Mais elle ne put empêcher qu’un jour de course, avant l’arrivée de Constantin dans le Cathisma de l’Hippodrome, Aétios et Staurakios fussent promenés autour de la Spina et fouettés publiquement. La sueur et le sang barbouillèrent le torse blet de celui-ci, la magnifique musculature de celui-là, les habits rabattus contre les hanches. Ce furent les huées de vingt mille adversaires hargneux, l’avalanche des écorces, des crachats, des cailloux, des vieilles sandales, des fruits pourris et des fleurs fanées. Ensuite les condamnés durent rejoindre le convoi qui poussait Bythométrès, Eutychès et les gens assidus à l’École du Palais vers les couvents de déportation, dans les montagnes du Taurus. Sous la bure des moines, les eunuques cultivèrent les mélancolies de la défaite en grignotant des salades crues et des galettes dures, à l’ombre des murailles mal crépies, ou dans les sentes de maigres vergers. Autour d’eux veillaient d’implacables sentinelles, de sévères geôliers ecclésiastiques. Les saisons des années 791 et 792 se succédèrent sans prêter à leur ironie, d’autres décors, que ceux de la neige, de la verdure, des soleils brûlants et des pluies monotones, sans que leur sort se modifiât, sinon par les conquêtes philosophiques de leurs âmes logiciennes et polémistes.
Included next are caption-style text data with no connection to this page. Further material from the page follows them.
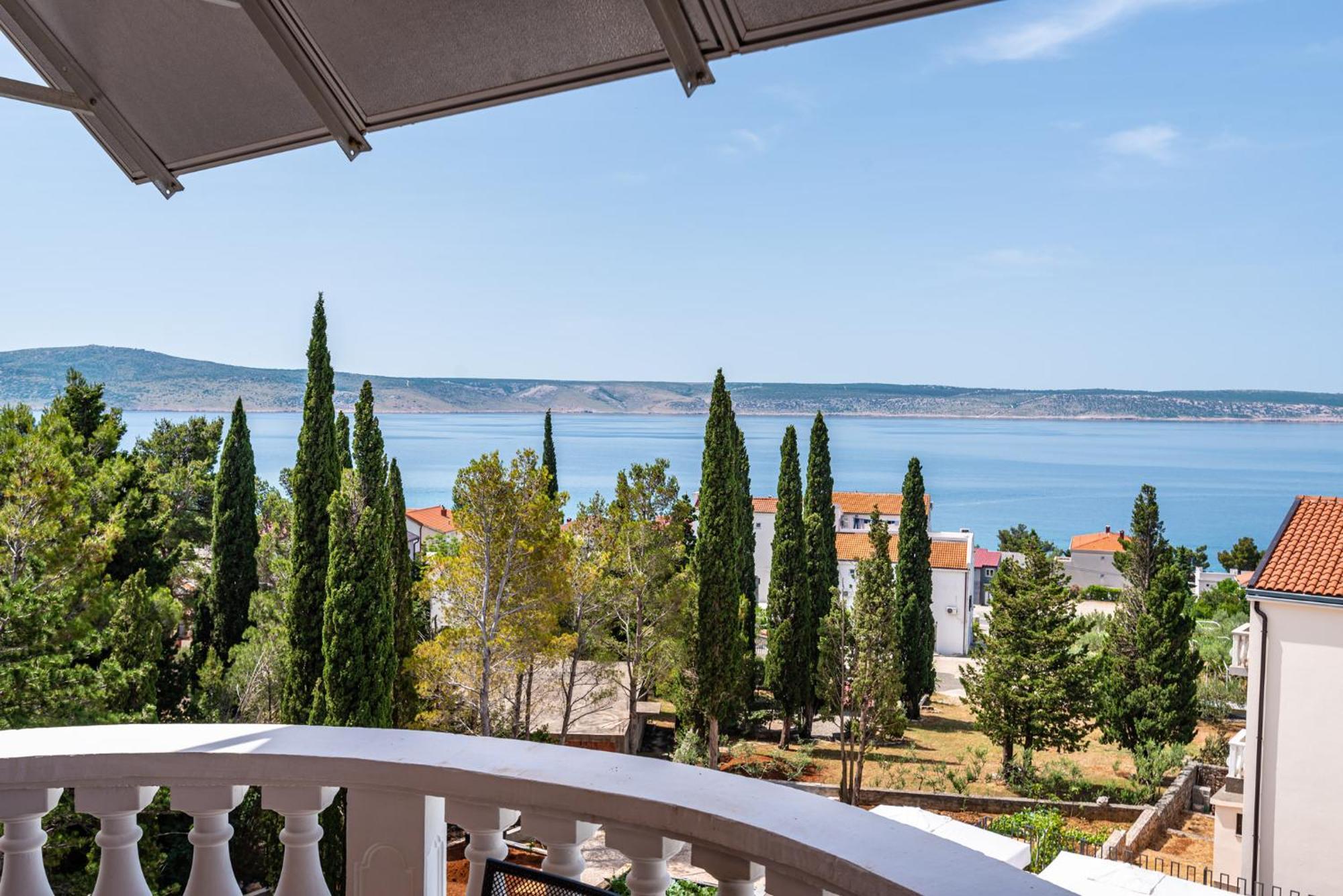 Apartments Prkacin 2 Starigrad Paklenica Bagian luar foto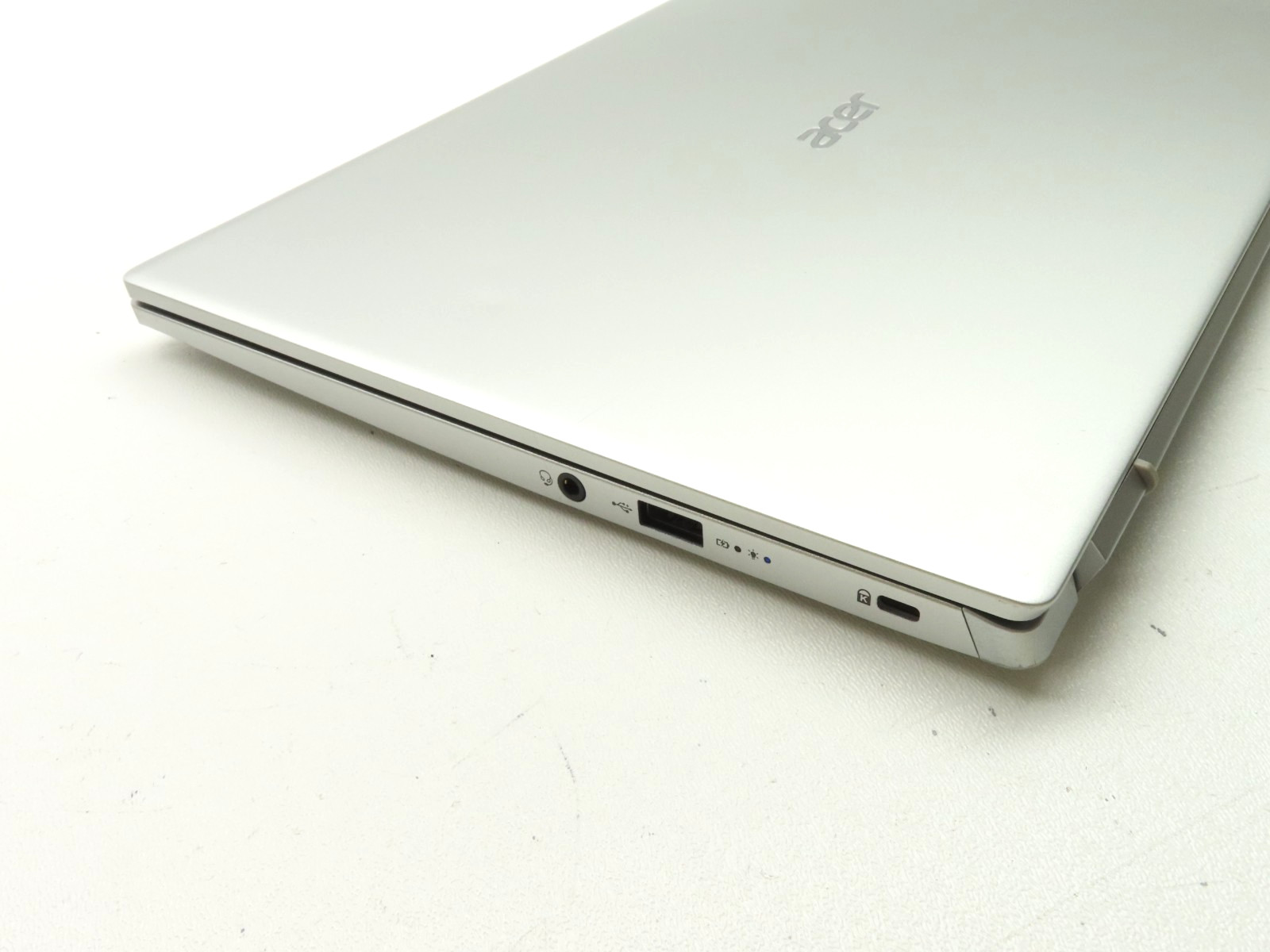 Acer Swift 3 SF314-511 14″ Intel i7-1165G7 2.8GHz 8GB RAM 512GB SSD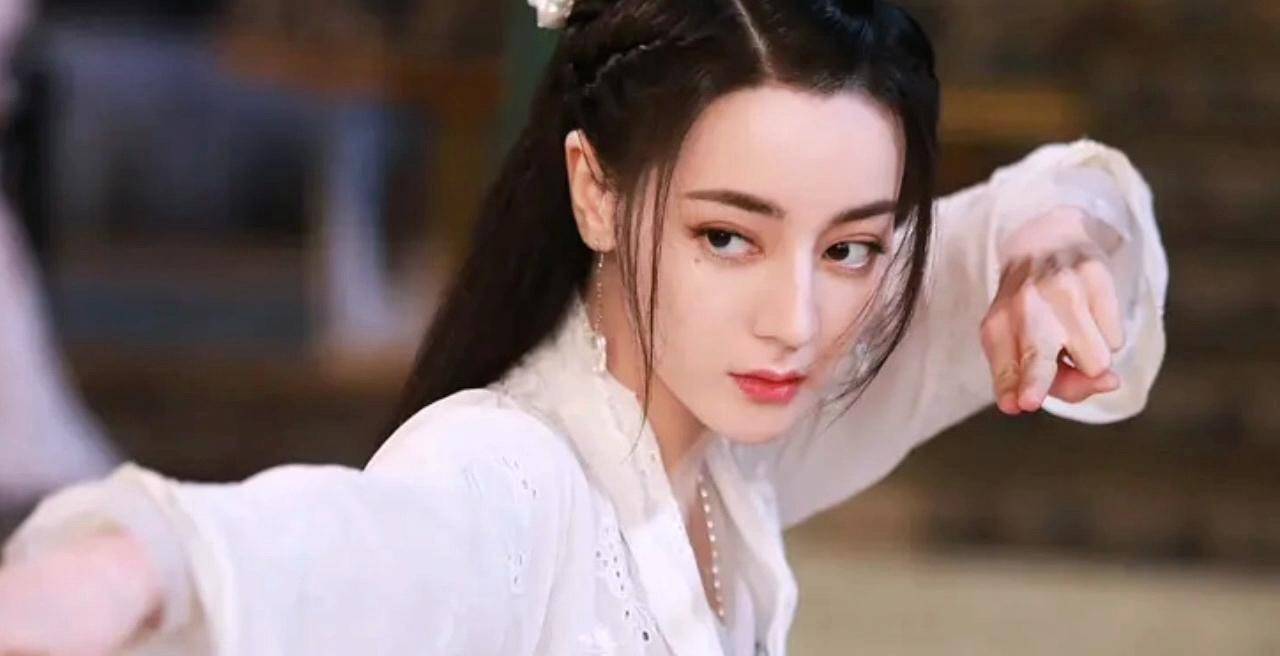 《微雨燕双飞》口碑大爆,古装剧又有天花板了_张楠_王玉雯_剧情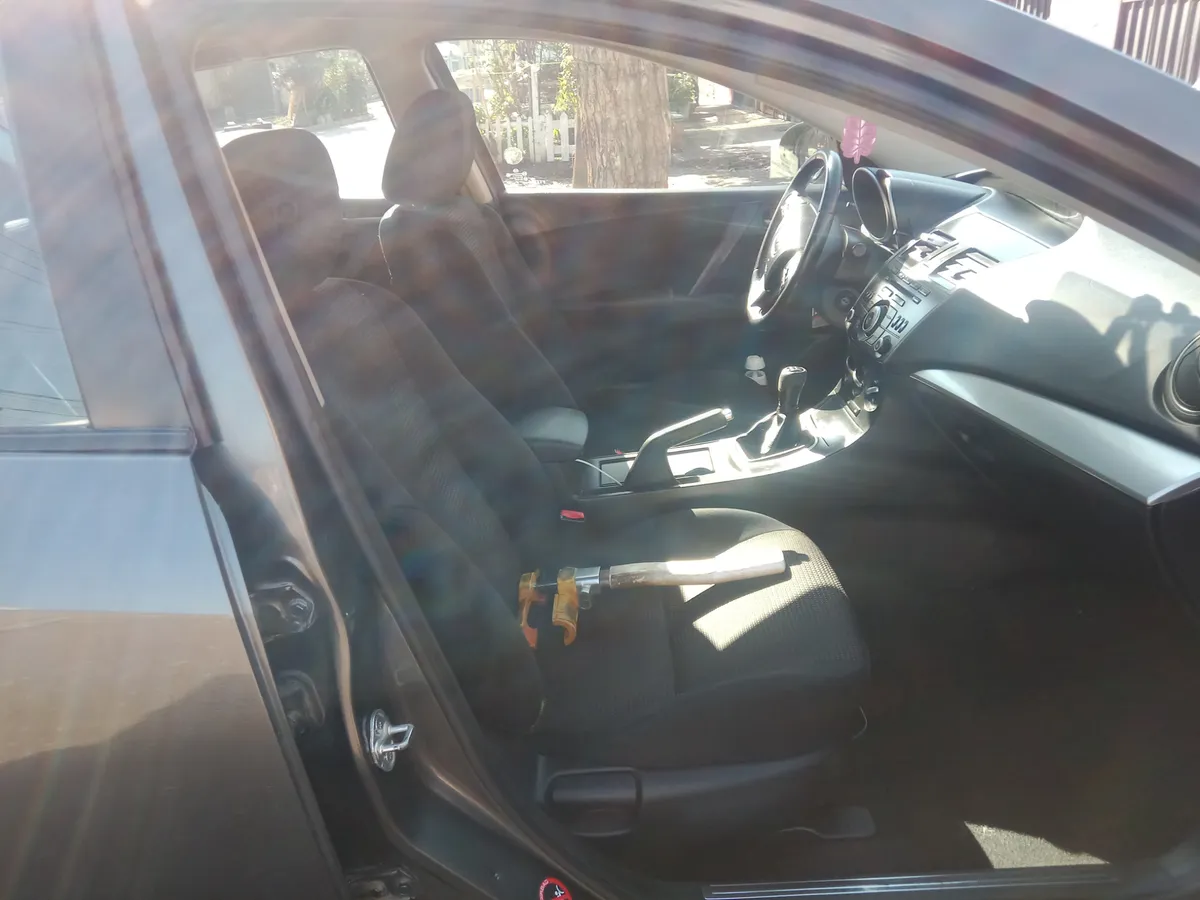 MAZDA MAZDA3 1.6 Sedan S Ac C.crucero Mt año 2013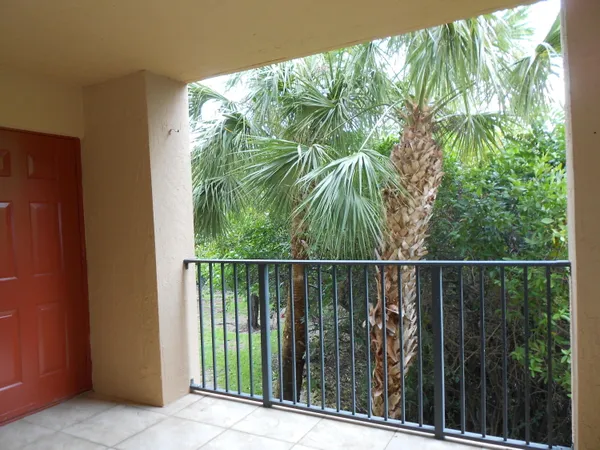 $2,600 | 300 Scotia Drive, Unit 203, Hypoluxo, FL 33462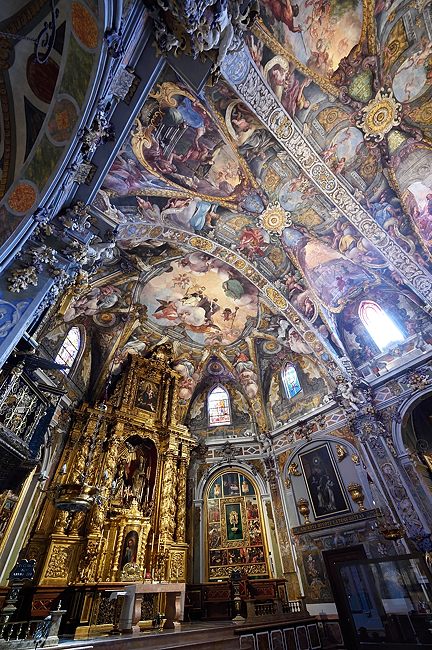 Altar and Bóveda of Church of San Nicolás de Bari in Valencia, Spain | © 2020 Tim Adams, CC BY 2.0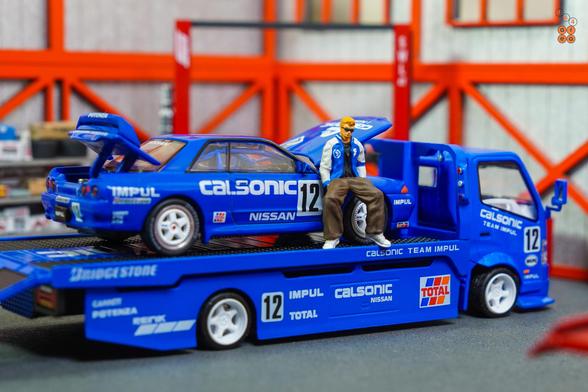 A Nissan Skyline GT-R R32, JTC 1990 by Pop Race and a custom tow truck by Micro Turbo on Calsonic livery in 1:64 scale with 1:64 figure on AREA 164
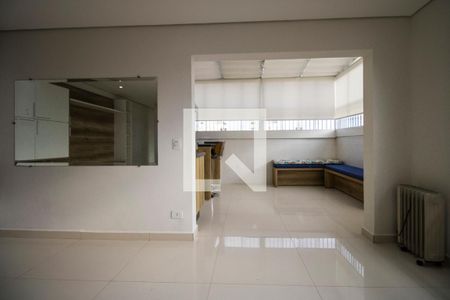 Sala de apartamento à venda com 2 quartos, 110m² em Vila Pompéia, São Paulo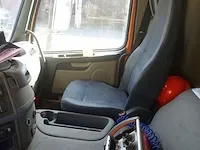 Trekker volvo fm met autolaadkraan - afbeelding 16 van  18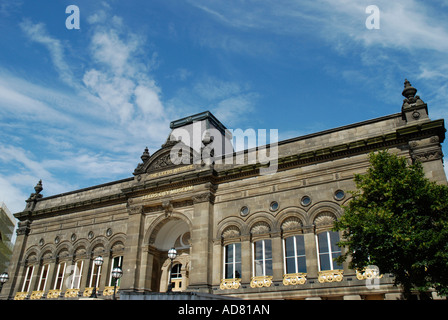 Außenansicht des Leeds City Museums früher die Leeds Institut West Yorkshire England Stockfoto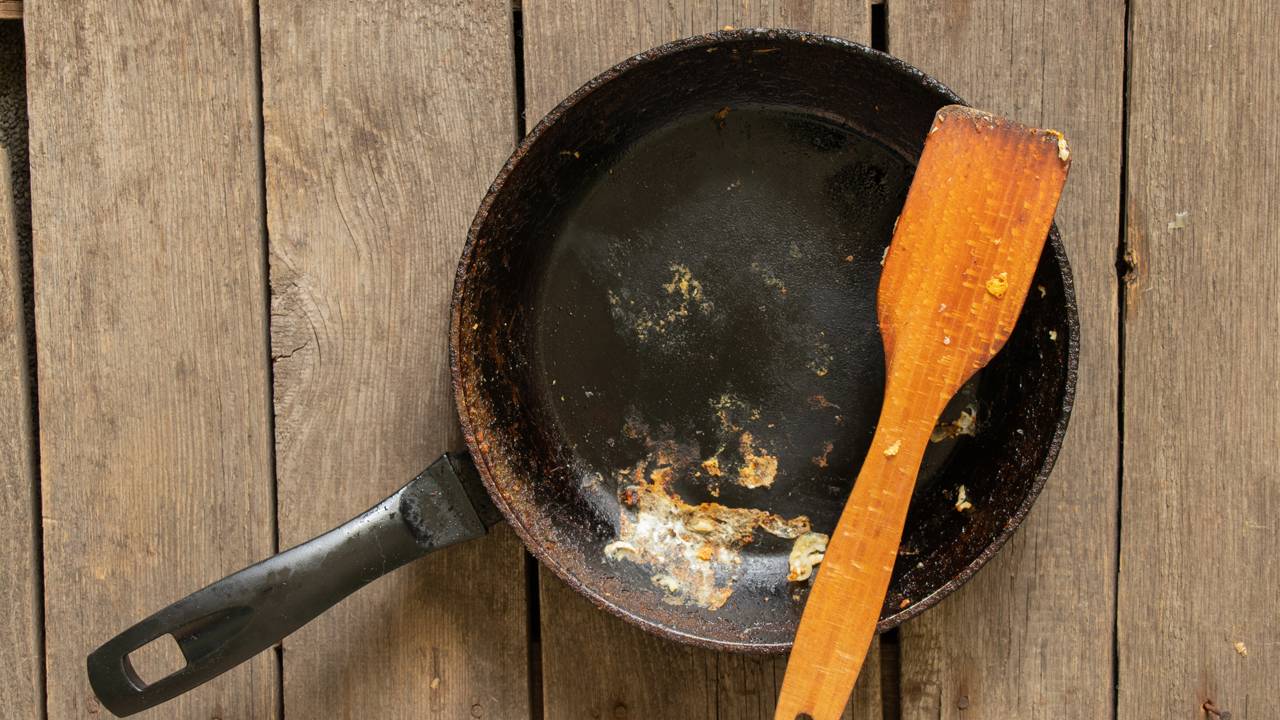 A mistura de vinagre com bicarbonato solta crostas difíceis e facilita a limpeza da panela em poucos minutos.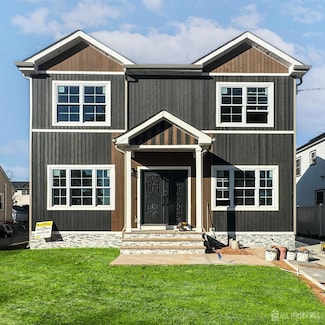 53 Spruce St, Port Reading, NJ 07064
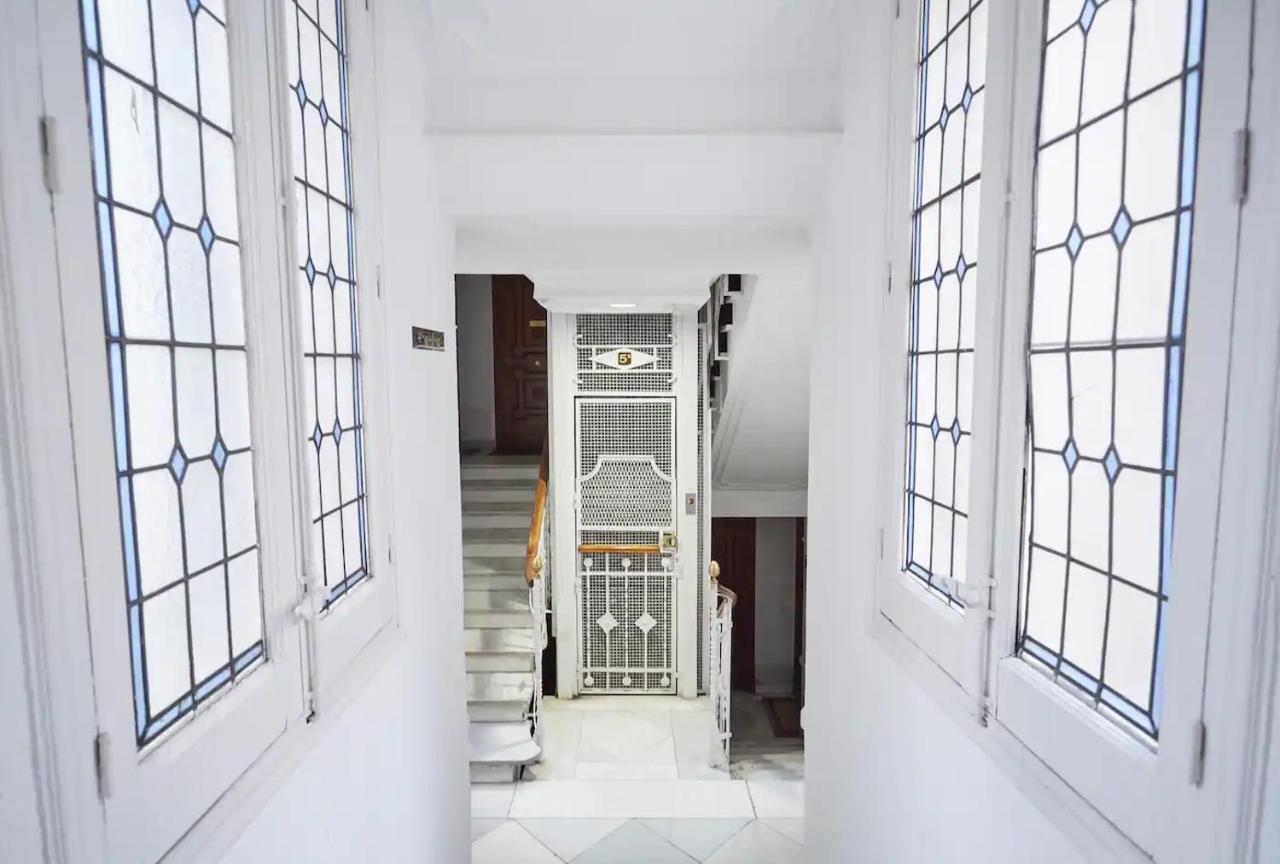 Apartamento Con Vistas Al Parque Del Retiro Madrid Kültér fotó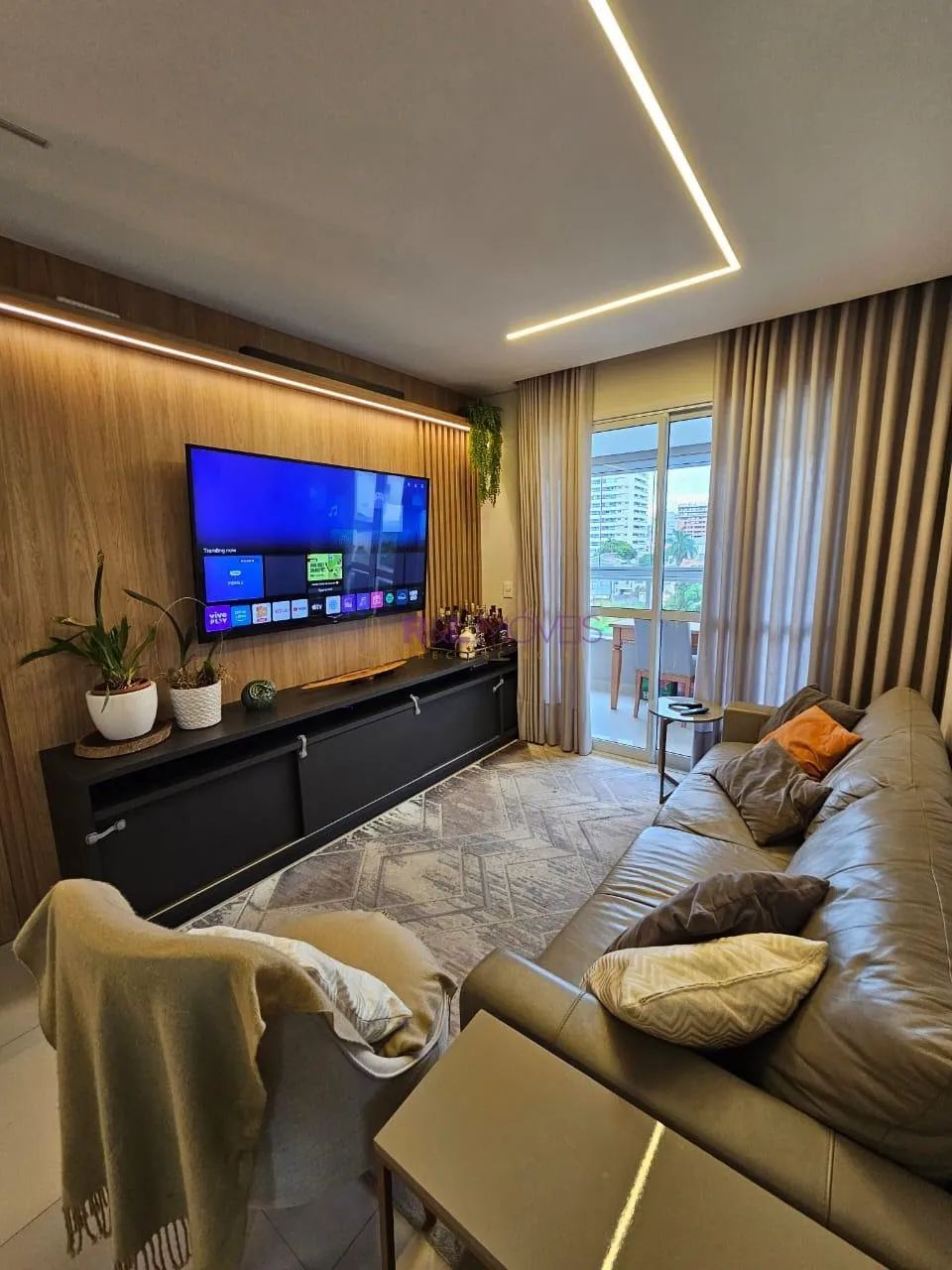 Apartamento 2 Dormitórios (1 Suíte) | 2 Vagas | Mobiliado - Foto 3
À Byzance, l’hiver qui suivit leur déconvenue ne fut pas clément pour le peuple. Les familles pauvres grelottèrent sous les appentis. Beaucoup durent creuser la terre gelée, afin de s’y blottir, tant les préservaient peu les parois des masures. Auparavant Irène avait coutume de faire distribuer des vêtements et des fagots par ses moines. Cette fois toutes les offrandes de ce genre furent destinées aux troupes venues d’Asie pour le coup d’État, et qui campaient dans les faubourgs. Une mère, ses quatre enfants furent trouvés morts dans leur bicoque. Tout le quartier Sphorakion s’émut, s’éplora, s’indigna. La puissante corporation des foulons, fidèle à l’impératrice, organisa les funérailles de ces infortunés. Des milliers de faméliques y assistèrent, en faisant retentir l’air de leurs lamentations, de leurs menaces mêmes. Et il advint qu’une cohorte d’Arméniaques ayant allumé un grand feu sur une place publique, pour se réchauffer, avant la manœuvre, le vent se leva soudain, coucha les flammes du bivouac vers les chariots de fourrage qui brûlèrent incontinent, avec deux ou trois baraques de taverniers. L’incendie se propagea, gagnant des tentes, des guérites, des voitures, les litières des écuries provisoires, les boutiques de bois, les maisons voisines d’où s’échappèrent les habitants affolés, furieux, ruinés en un instant. Au lieu de porter secours, ces Arméniaques s’occupèrent de sauver leurs chevaux et les chassèrent promptement hors de la ville. Les fumées, les étincelles, les tourbillons de pourpre et d’or se développèrent à l’aise sur les quartiers riches entourant le Palais du Patriarche. Les solives tombaient sur les fugitifs. Les toits s’effondraient à grand fracas. Partout des brasiers naquirent, s’activèrent, consumant les boiseries et les meubles, rôtissant les mules dans les étables, tordant et carbonisant les retardataires pris sous l’écroulement des façades. L’une après l’autre les poutres des maisons fumaient, puis rougissaient sous une lèpre d’étincelles devenues bientôt flamboyantes et dévoratrices.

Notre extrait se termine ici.